ENTRIES PROVIDED section start

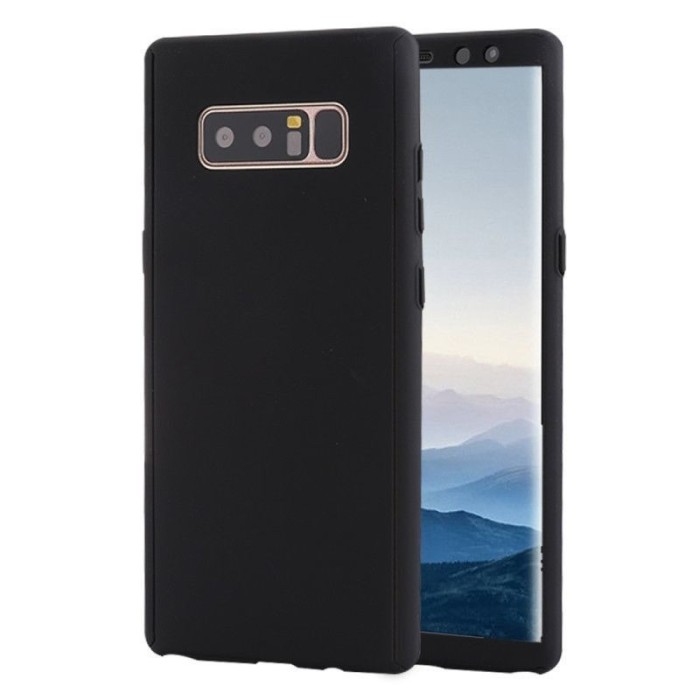 Husa Samsung Galaxy Note 8 Flippy Deluxe Full Cover 360 Negru + Folie de protectie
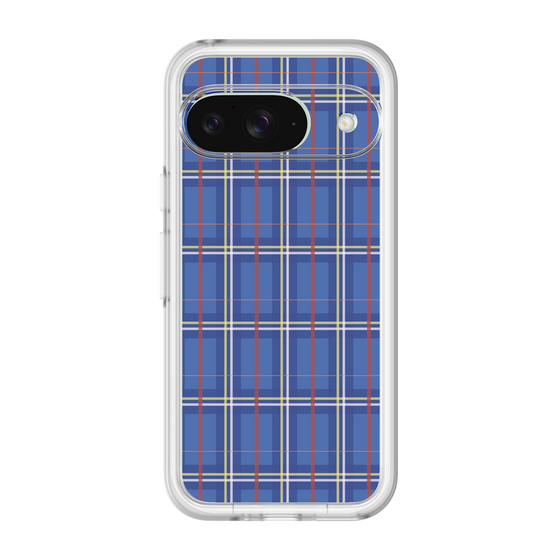 スリムプロテクションプレミアムケース［ Tartan Check - Blue ］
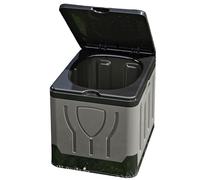 Portable Toilet For Camping,Foldable Large Bucket With Lid - Car Lightweight Toilet Camping Accessories - For Outdoor Recreation Travel Hiking Road Trip RV Car Beach Tent Boat Home Kids Adults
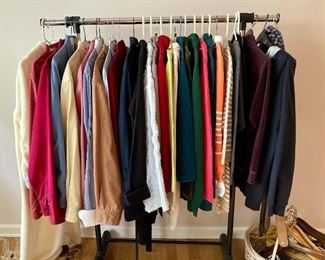 Women's blouses, shirts, and jackets.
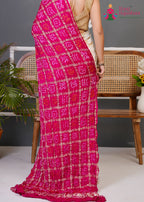 Rani Gajji Silk Bandhani Chunri Dupatta for Festive Wear | Elegant Edit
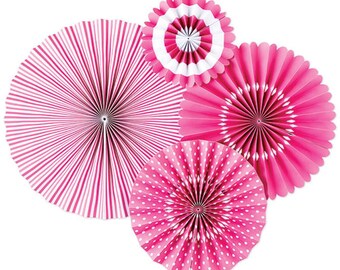 bubblegum Pinwheel Backdrop/Paper Rosette backdrop/Wall Covering/ Wedding background/ Giant paper Flowers/  paper fan backdrop baby shower/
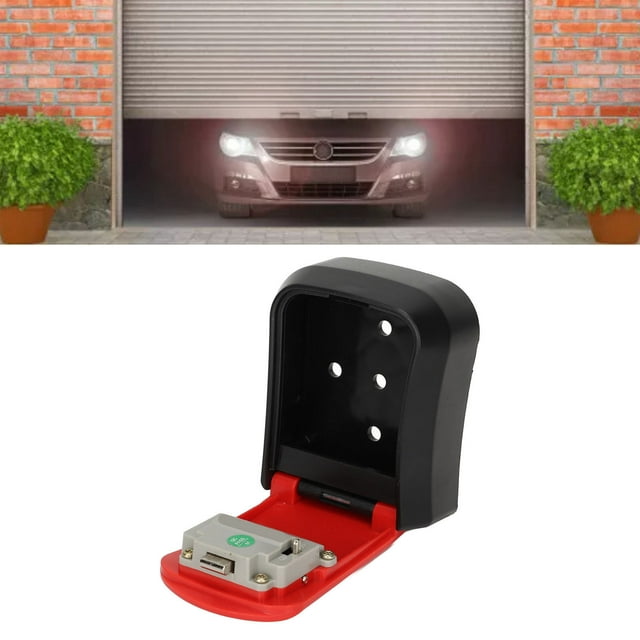 Key Lock Box, Wall Mount Waterproof 4 Digit Combination Lockbox Key Storage Lock Box With 5 Keys Key Safe Security Key Drop Box For Indoor, Outdoor, Garage, Garden, Store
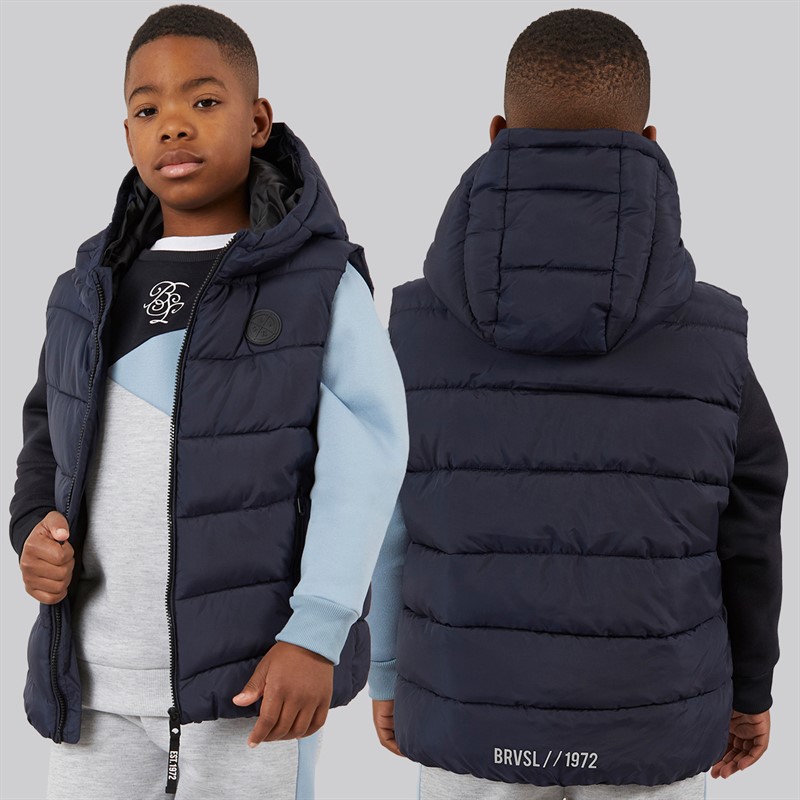 Brave Soul Junge Trainingsanzug und Weste Set Multi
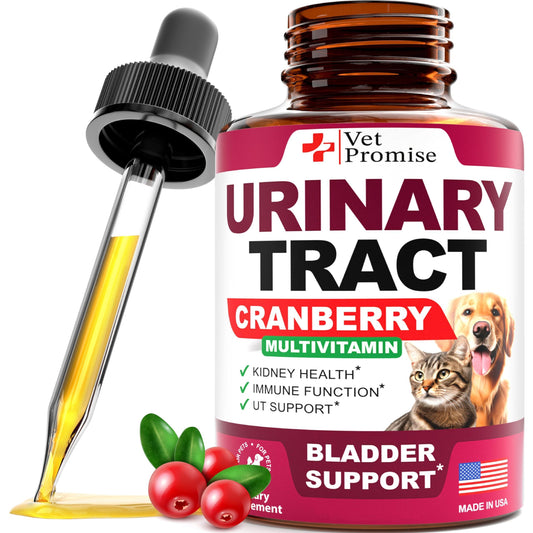 Natural UTI Drops for Cats & Dogs with Cranberry   Advanced Bladder & Kidney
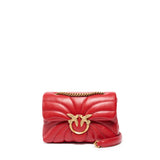 Mini borsa Love Bag Puff Butterfly a tracolla in nappa 100039 A1EXR59Q PINKO 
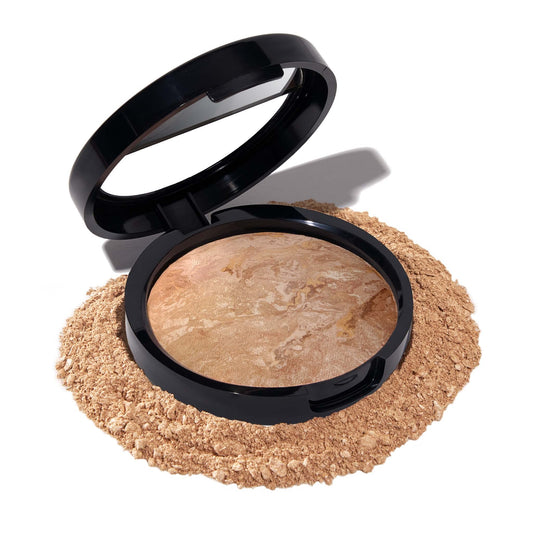 LAURA GELLER NEW YORK Award-Winning Baked Balance-n-Brighten Color Correcting Powder Foundation - Medium - Buildable Light to Medium Coverage - Demi-Matte Natural Finish - Maple Wellness Supplements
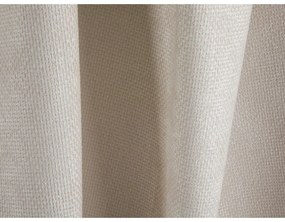 Krémszínű zsenília sarokkanapé (jobb oldali-U alakú) Treno – Cosmopolitan Design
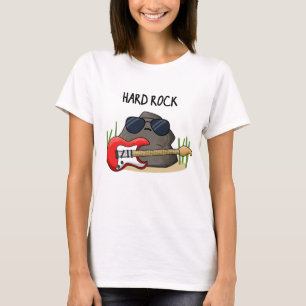 Hard Rock Funny Geology Music Pun T-shirt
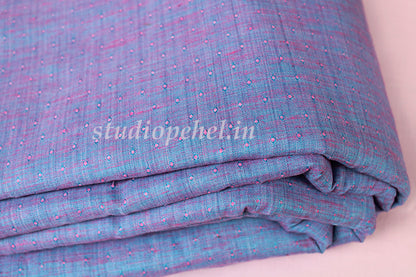 Handloom Cotton Fabric- Bluish Pink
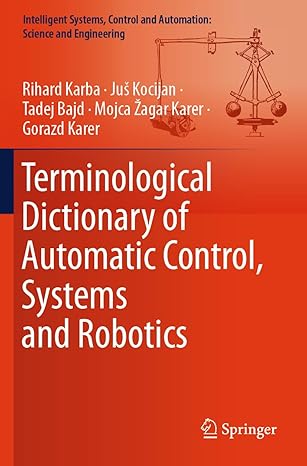 terminological dictionary of automatic control systems and robotics 1st edition rihard karba ,jua kocijan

ENTRIES PROVIDED section end

PROBLEM DETAILS
Leave out the pictures and return, exactly as written, only the lines from the line with "Hard Rock Funny Geology Music Pun T-shirt" through the end of the records above.

EXERCISE ANSWER
 Hard Rock Funny Geology Music Pun T-shirt
 Handloom Cotton Fabric- Bluish Pink
 terminological dictionary of automatic control systems and robotics 1st edition rihard karba ,jua kocijan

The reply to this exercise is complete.